Na classe média estamos os nem lá nem cá, muitos cobiçando o andar de cima, oásis da opulência, outros de olho no de baixo, para onde não querem voltar ou despencar. Diríamos que somos um aglomerado desigual e propício a intensa e merecida piada.
Sonhamos com a Disney e, se conseguimos chegar lá, somos
vistos como verdadeiros patetas, a tal ponto que, aqui e ali, nos repreendem.
Vocês são muito novos para se lembrarem de Pepeu Gomes e Baby Consuelo barrados
no parque.
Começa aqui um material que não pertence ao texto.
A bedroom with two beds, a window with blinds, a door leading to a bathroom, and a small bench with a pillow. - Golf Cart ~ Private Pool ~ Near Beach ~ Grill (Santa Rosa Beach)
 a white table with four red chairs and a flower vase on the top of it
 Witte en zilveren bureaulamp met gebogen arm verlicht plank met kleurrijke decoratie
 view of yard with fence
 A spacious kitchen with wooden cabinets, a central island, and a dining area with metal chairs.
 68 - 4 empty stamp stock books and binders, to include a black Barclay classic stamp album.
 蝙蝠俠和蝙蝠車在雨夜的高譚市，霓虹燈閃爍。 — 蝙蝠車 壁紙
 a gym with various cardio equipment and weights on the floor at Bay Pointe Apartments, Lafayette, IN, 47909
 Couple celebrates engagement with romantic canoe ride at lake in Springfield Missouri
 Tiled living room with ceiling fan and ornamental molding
Mickey e seus amigos consideraram a figura do casal roqueiro —
cabelos e roupas bem coloridos, uma bobagem aos olhos de hoje — muito
chamativa, capaz de roubar a atenção dos demais frequentadores. Tem cabimento usar
Pepeu e Baby como exemplo da classe média? Não se iludam, pertencem a ela tanto
quanto eu — e talvez você — e podem ter ganhado algum dinheiro, mas, sei lá,
nunca permaneceram na lista dos mais tocados, nem daqueles que batem ponto nos
programas de auditório badalados. E ainda se separaram, e ainda tiveram muitos
filhos. Além do mais, a classe média é um território bem extenso, bastante habitado
e com diferenças gritantes entre os quase ricos e os por muito pouco fora da
pobreza.
Em 2015, a Piauí publicou uma reportagem do escritor
norte-americano Walter Kirn. É um texto típico do que se convencionou chamar de
jornalismo literário, uma peça que conta a história aos poucos, enchendo-a de
pormenores saborosos que, não raro, esclarecem os interesses do jornalista ao
contar aquilo. No caso, Kirn resolve levar um cachorro — que, depois de um
atropelamento, ficou paralítico e só conseguia andar com um carrinho que lhe era
acoplado à parte traseira do corpo — de Montana à cidade de Nova York para entregá-lo
à pessoa que o adotou: ninguém mais, ninguém menos que um Rockefeller. A
estranheza de um milionário (não um qualquer) se interessar por um cachorro que
lhe daria muito trabalho e talvez tivesse uma vida curta motivou o escritor, que
viu nessa história material para um possível novo livro. Na verdade, o Rockfeller
não era um Rockfeller, e sim um golpista que, não se sabe muito bem como, vivia
em altas rodas sem ser desmascarado e mantinha peças de artes caríssimas (Mondrian,
Motherwell, Pollock e Rothko). Mesmo achando o sujeito excêntrico, Kirn manteve
uma relação (até mesmo uma amizade) com o golpista de 1998 a bem depois, sem
desconfiar de suas trapaças. Em 2013, a farsa do milionário veio à tona. Descobriu-se
que muitos anos antes ele havia cometido um crime. A reportagem não esclarece
como o alemão (sim, era um estrangeiro) chegou tão longe, quer dizer, como deixou
o anonimato da classe média e tornou-se um rico de pedigree, nem rico, nem com
pedigree. Conheço histórias não desse quilate, mas com o mesmo princípio. Na
minha cidade, havia um homem, pai de amigos, que certa vez vendeu um terreno em
Belo Horizonte, e o comprador só se deu pelo golpe quando, indo registrá-lo,
descobriu que sua nova propriedade estava submersa na Lagoa da Pampulha. O meu
conhecido não foi exitoso como o alemão, mas nunca se emendou e viveu tentando
dar o pulo do gato, sem, contudo, conseguir deixar o porão onde se amontoa a
ralé dos remediados.
Em tempos de internet, além dos golpes virtuais, há outros
meios de alcançar — ou pelo menos de tentar — a riqueza. A classe média sabe
ocupar um espaço honesto, mesmo aqueles que os falsos moralistas apedrejam sem
dó. Soube ainda esta semana de uma moça muito jovem que, vendo-se em apuros
financeiros, começou a obter likes de homens e mulheres em sites adultos.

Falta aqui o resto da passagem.